ONE of Britain’s new £3bn aircraft carriers will be modified to operate as an amphibious fighting platform for the Royal Marines.
Philip Dunne, defence procurement minister, revealed the move following a question from Fareham MP, Suella Fernandes.
It was bitterly cold, and camping out in the Arctic is certainly not something I would recommend as a relaxing breakSuella Fernandes, Fareham MP
It comes after the government announced it would be scrapping the 22,000-tonne helicopter carrier, HMS Ocean, which provides aerial support for the marines.
Mr Dunne promised one of the two new Queen Elizabeth-class carriers – both of which will be based in Portsmouth – will be upgraded to maintain the nation’s ‘amphibious capability’.
The pledge comes following Ms Fernandes’s week spent on exercise with the navy’s elite troops in the freezing fjords of Norway.
Speaking to MPs in the Commons, Mr Dunne said: ‘The SDSR (Strategic Defence and Security Review) is committed to maintaining amphibious capability.

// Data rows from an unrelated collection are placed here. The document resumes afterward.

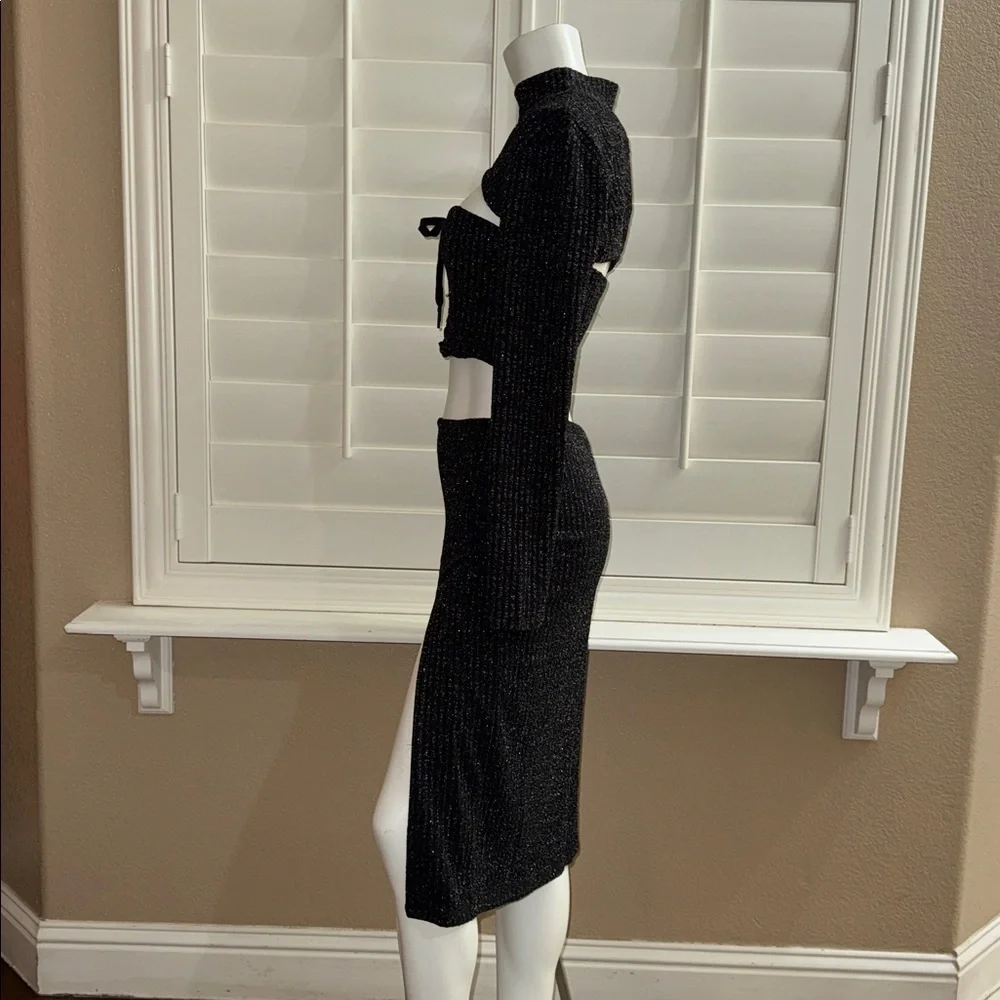 NBD Kendra Top and Skirt Set Metallic Black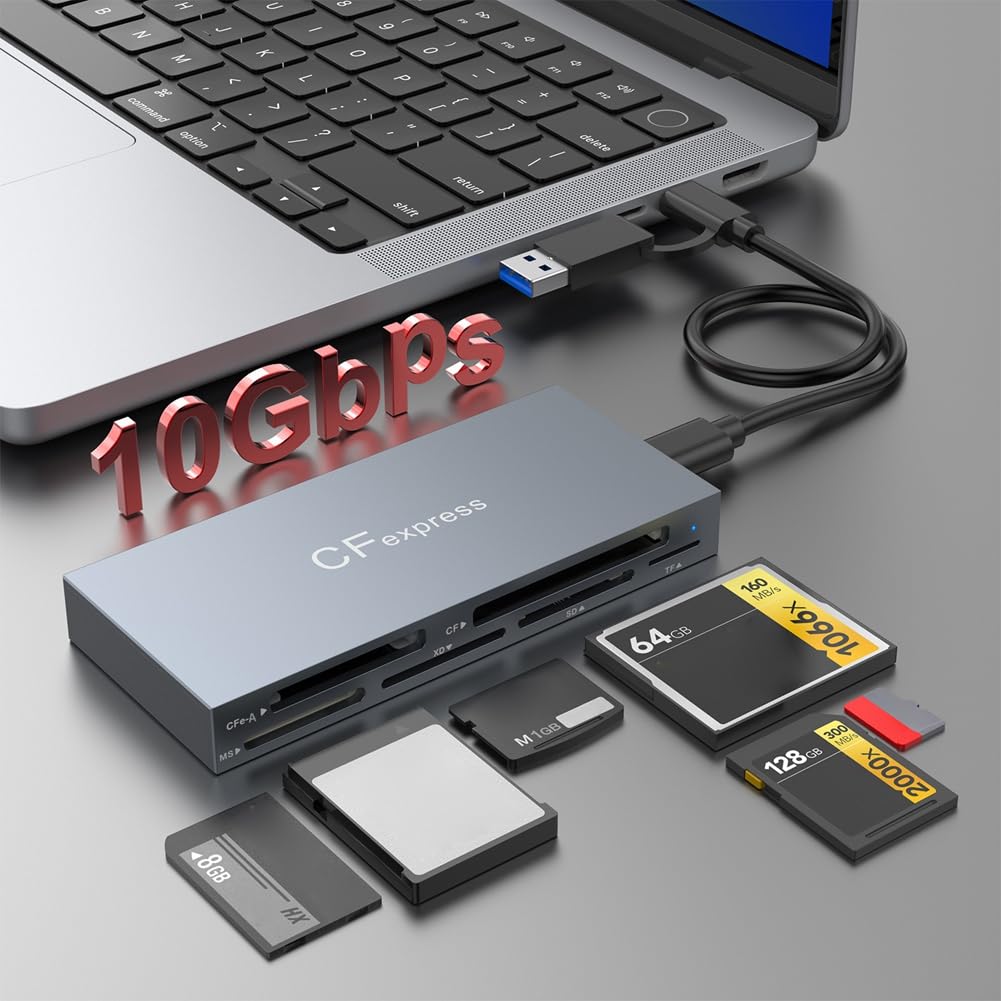 Nowy czytnik kart 6 w 1 CFexpress A USB3.2 Multi-Card jednoczesny odczyt 10 GBps SD/TF//XD/MS/CFe-A czytnik kart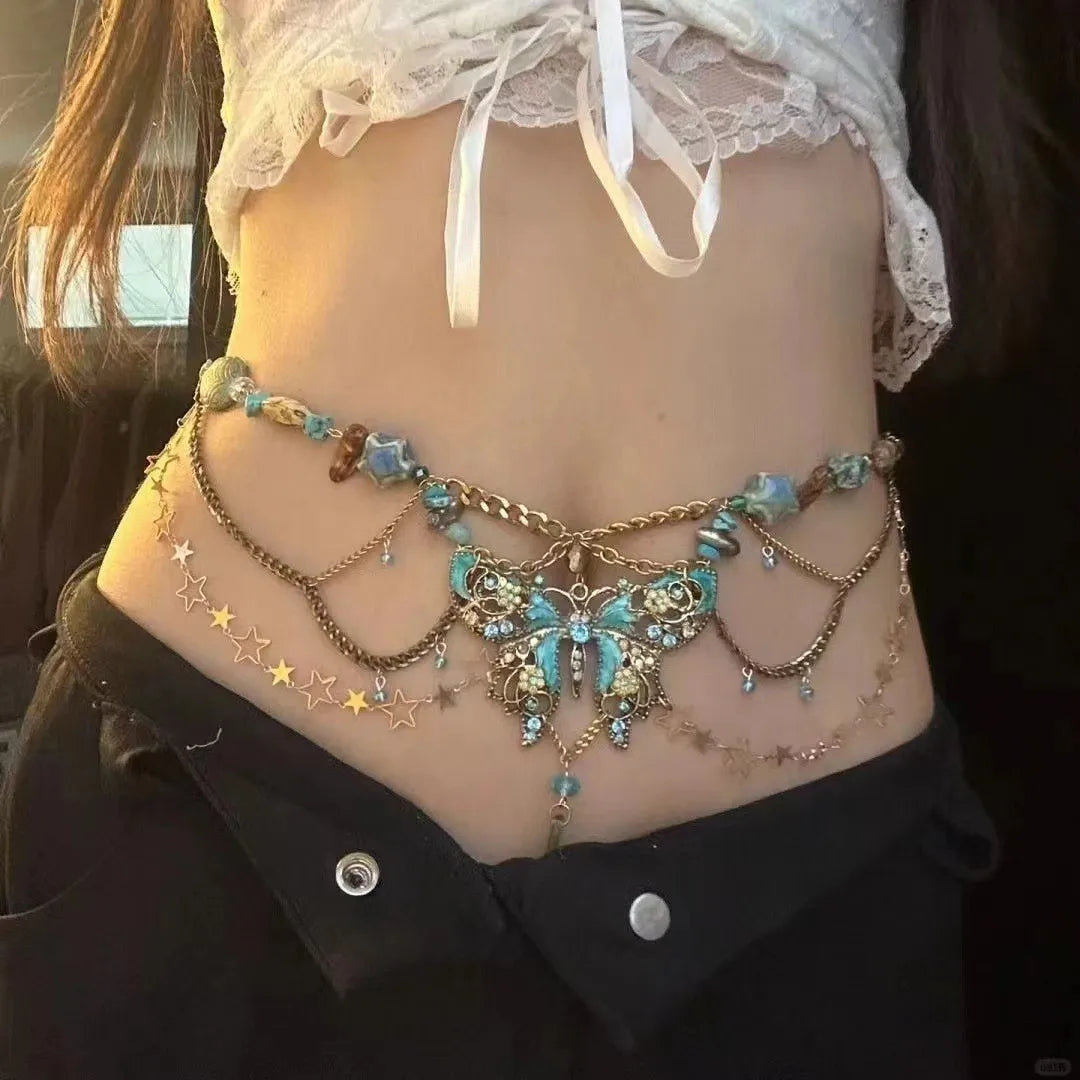 Waist Chain With Pearl Butterfly Pendants And Tassels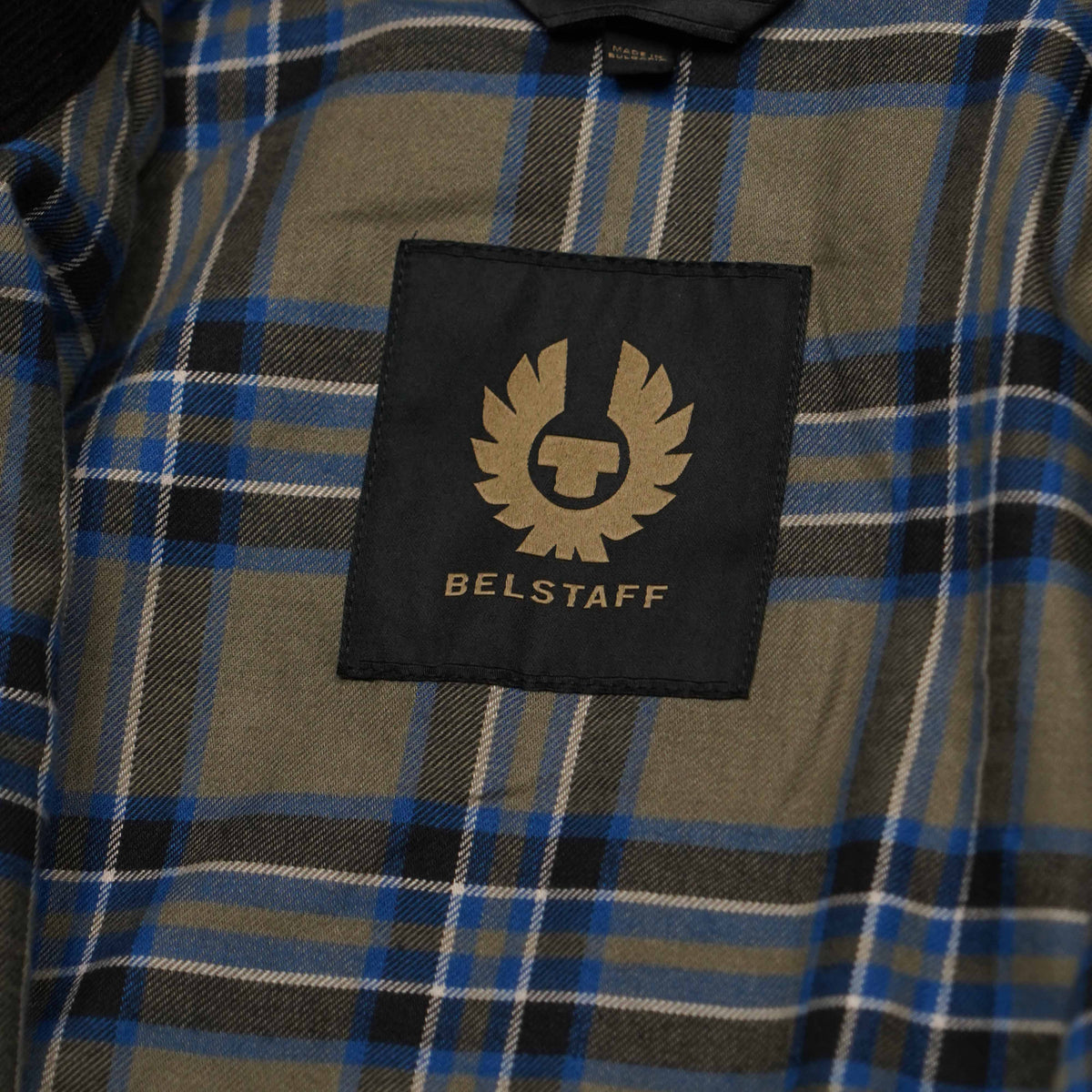 Giacca Belstaff Verde Oliva in Cotone Cerato con Colletto in Velluto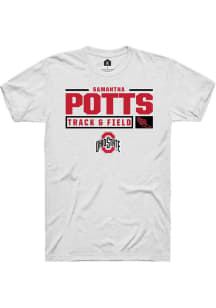 Samantha Potts  Ohio State Buckeyes White Rally NIL Stacked Box Short Sleeve T Shirt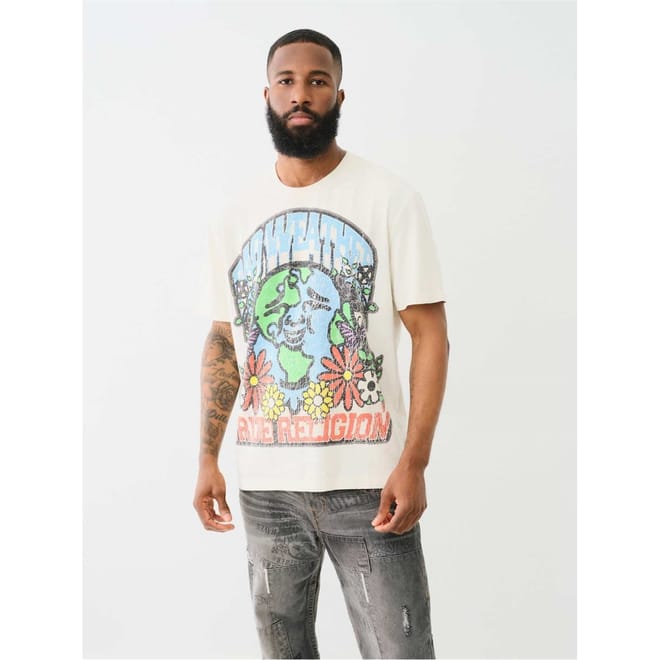 Regular Fit Globe Buddha Print T-Shirt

‘We will be making modifications to one of the two Queen Elizabeth carriers to ensure that that persists for the life of that platform.’
The QEC aircraft carriers will operate as part of a Maritime Task Group.
The carrier will be capable of deploying up to 40 helicopters to support the marines on operation, from Apache attack helicopters, to Merlins, Chinooks and Wildcats.
During Ms Fernandes’s trip to Norway, she spent time with the men from 539 Assault Squadron during the force’s annual cold-weather training.
Situated in the Arctic Circle and with temperatures plummeting to -30C, it is one of the most challenging environments to train in.
But for the Royal Marines, it is a home away from home.
Troops learn to fight and survive in the harsh conditions as well as refining key skills that can be used on the front lines.
As part of the Fareham MP’s visit, she was able to witness some of the exercises first-hand, from aggressive amphibious assaults to stealthy reconnaissance missions.
And Ms Fernandes was given the chance to meet marines and inspect some of the equipment they use.
She said the role the marines played was ‘vital’ and that it was a ‘privilege’ to join them.
‘It was bitterly cold, and camping out in the Arctic is certainly not something I would recommend as a relaxing break, but I learned a huge amount from it,’ she added.